İbn-i Muhayrız isimli âlim, elbise almak için bir mağazaya girdiğinde, içeride bulunanlardan bir tanesi bu şahsı tanıyarak büyük bir hürmet ile dükkân sahibine;  “Bu çok muhterem zât, İbn-i Muhayrız`dır” diye tanıttı. İbn-i Muhayrız, kendisine bu tanıtma ile özel bir muamele yapılacağını hissederek hemen orayı terk eder. Çıkarken ise şu meşhur cümlesini kurar; “Biz paramızla alışveriş yapmaya geldik, dinimizle değil.”

Görüldüğü üzere kapital ve kapitalizme karşı bir duruş ancak bu kadar net ve kararlı bir biçimde sergilenebilir. Biz modern çağın insanlarının her türü ile sosyalizme karşı duruşu sergiler iken asıl imtihanın para, makam ve mevki ile olacağını es geçerek ahlaki erozyona tâbi tutuluşumuz; sistemin “Komünizm ile Mücadele Derneği “ kurup bize tepside teslim edişinden beri adeta bir manipülasyon unsuru oluşumuz ile ilgili.

Kim ne derse desin bir inanç erbabının birine düşman olurken diğeri ile hemhâl oluşu sadece inanç meselesini ilahi bir ilham değil de sanki adeta yaşadığımız dünyanın verilerinden elde edilmiş bir ders olarak algılayışımız ile ilgili.

Yine tarih sahnesinden emsalsiz bir örnek ne demek istediğimizin anlaşılabilmesi için ya da bizim anlatış eksikliğimizi izale etmesi bakımından oldukça manidardır.

Ebu Hanife`nin yanına gelen bir adam; “Yâ İmam, namazda aklıma hep sahip olduğum servet aklıma geliyor ve develerimi bir türlü aklımdan çıkartamıyorum. Siz ise benden kat be kat daha fazla mala mülke sahipken nasıl oluyor da namaza itminan ile durabiliyorsunuz?” Ebu Hanife ise şu muhteşem cevabı verir: “Ben develerimi ahıra bağlıyorum, kalbime değil.”

Hâsılı inanç, insana istikamet sağlamıyor ve bu istikameti de laik bir dünya algısı ile tasdikliyor ise elbette ki mevcut çözülmelerden ve tahribattan söz etmeye hakkımız olamaz.

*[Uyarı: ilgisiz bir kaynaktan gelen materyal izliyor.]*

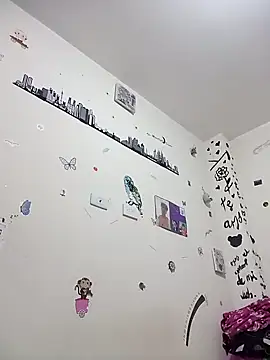 Snapshot of yasid_369 chatting on 12-23-25, 05:38 yasid 369 online show from 12-23-25, 05:38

Bu dünya ile birlikte ahireti, buradaki davranışımızın hesaba yönelik bir vetire, kopmaz bir bütünlük arz ettiğini hem kelam ile hem de hâl ile kendimize ispat edemiyor isek, inanç dediğimiz hasletin bir tahayyül, bir zihin jimnastiği olduğunu yadsımamamız gerekiyor.

Bu tarihte Türkler için kullanılan şu absürt yakıştırmaya benzer. Zaten tek tanrılı olan bu kavim, Karahanlılar zamanında topluca İslam`a dâhil oldular! İman bireyin en büyük yetisi iken bireysellikten çıkarıp bu işi bir sultana tâbi olarak, “o girdi ise biz de gireriz” basitliğine düşürmek adeta sultanın sultası altında dinli ya da dinsiz olma ameliyesine götürür bu minval ile.

Çözüm süreci, yaşanan bu kayıkçı kavgaları ile birlikte insanları devletin ve sistemin kulu haline getirmekte. Bize düşen ise paramızla mı, yoksa devlete olan ahd-ü peymanımız ile kazandığımız itibarımız ile mi alışveriş yapacağımızın tercihi. Allah`ı hesaba katmayan hiçbir siyaset, hiçbir tefekkür, hiçbir imtihan, hiçbir itibar; insanı eşref-i mahlûkat kılmaz. Müslüman hem öncü hem de hayat nizamını tercih edişi bakımından öncüldür. Nesne değil öznedir. Numune-i imtisal olmayan hiçbir birey yekdiğerini öteki kılıp küçülmemelidir.

İslam, insanlığın üzerine bina edilmez ise netice hüsrana sebebiyet verir. Müslüman hem kendi hem diğeri ve de tüm insanlar için tefekkür, tezekkür ve dahi teakkul kılmalıdır. “Ben güzel ahlâkı tamamlamak için gönderildim” diyen bir Rasul`e ittiba etmeyen hiçbir akıl ne ahlâkı ne de ahireti idrak edemez.

Bahaeddin Nakşibendi Hazretleri`ne sorarlar, imtiyazlı kul olabilme adına akraba çıkmak isteyen kemterler; “Soyunuz nereye ulaşıyor efendimiz?”  Hazret insanların hasret kaldığı makul cevabı verir; “İnsan, soyu ile hiçbir yere ulaşamaz. Vaktaki huyu güzel ola.”